Everything in the listing except the pictures should be written out exactly.

**Data excerpt:**
################

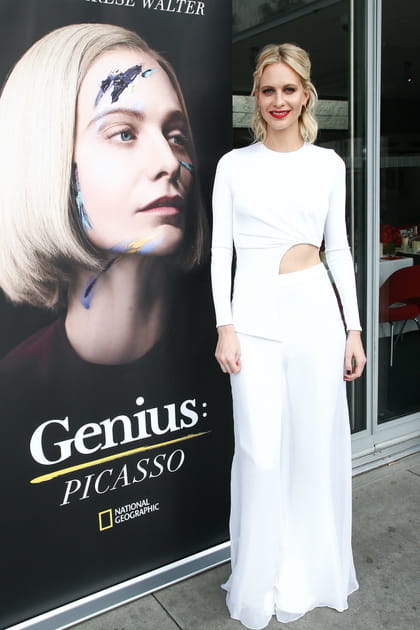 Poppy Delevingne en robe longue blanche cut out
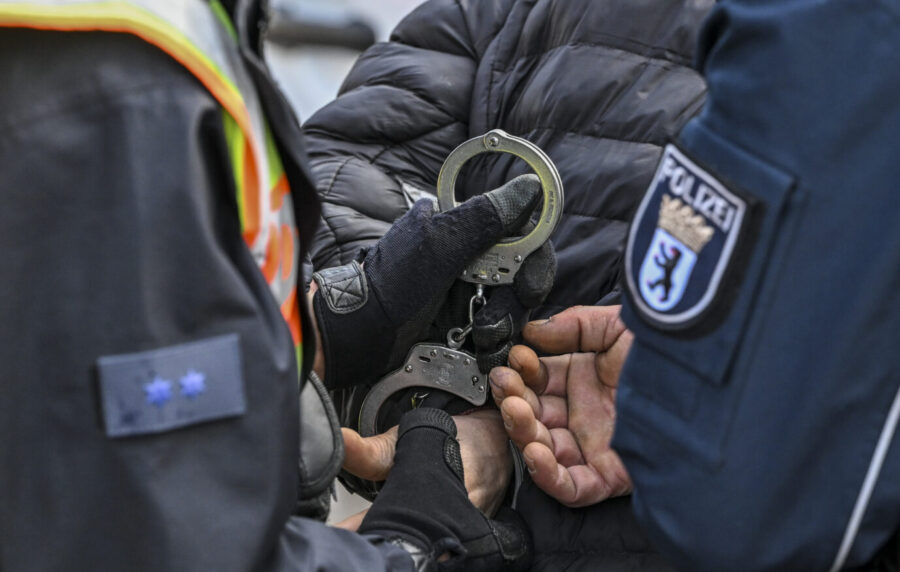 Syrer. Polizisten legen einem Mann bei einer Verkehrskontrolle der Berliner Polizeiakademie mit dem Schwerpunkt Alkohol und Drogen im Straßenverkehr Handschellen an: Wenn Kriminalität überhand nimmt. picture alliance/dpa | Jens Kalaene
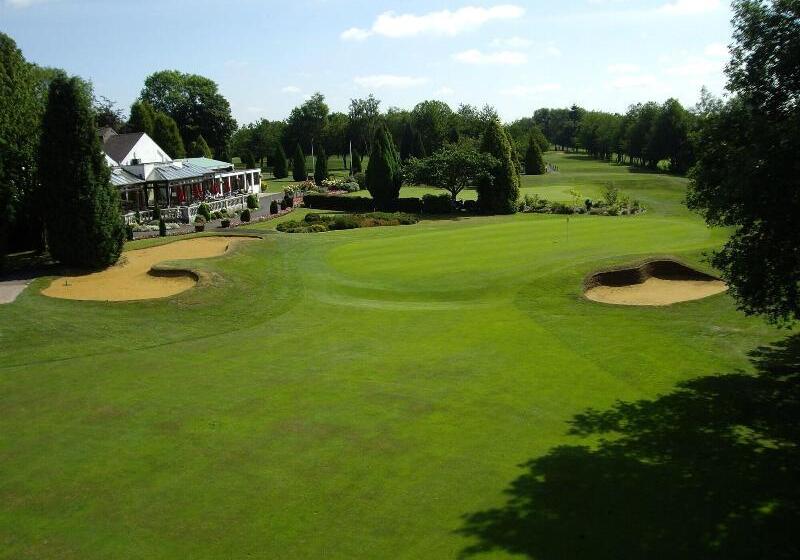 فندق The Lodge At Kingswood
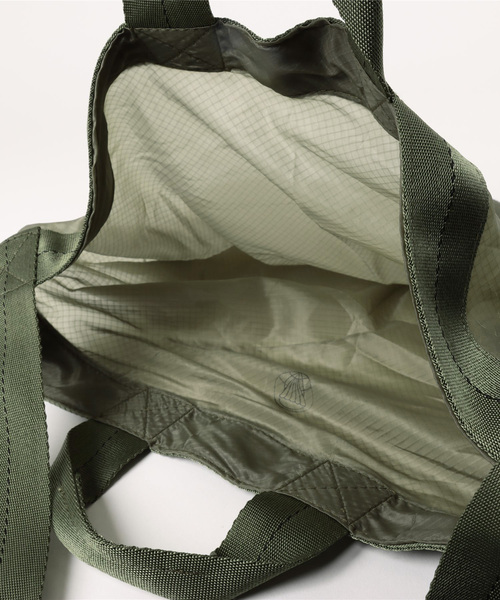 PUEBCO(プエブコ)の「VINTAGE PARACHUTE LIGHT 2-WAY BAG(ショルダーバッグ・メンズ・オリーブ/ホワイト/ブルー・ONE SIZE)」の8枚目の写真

################

**Reply:**
 Poppy Delevingne en robe longue blanche cut out
 Syrer. Polizisten legen einem Mann bei einer Verkehrskontrolle der Berliner Polizeiakademie mit dem Schwerpunkt Alkohol und Drogen im Straßenverkehr Handschellen an: Wenn Kriminalität überhand nimmt. picture alliance/dpa | Jens Kalaene
 فندق The Lodge At Kingswood
 PUEBCO(プエブコ)の「VINTAGE PARACHUTE LIGHT 2-WAY BAG(ショルダーバッグ・メンズ・オリーブ/ホワイト/ブルー・ONE SIZE)」の8枚目の写真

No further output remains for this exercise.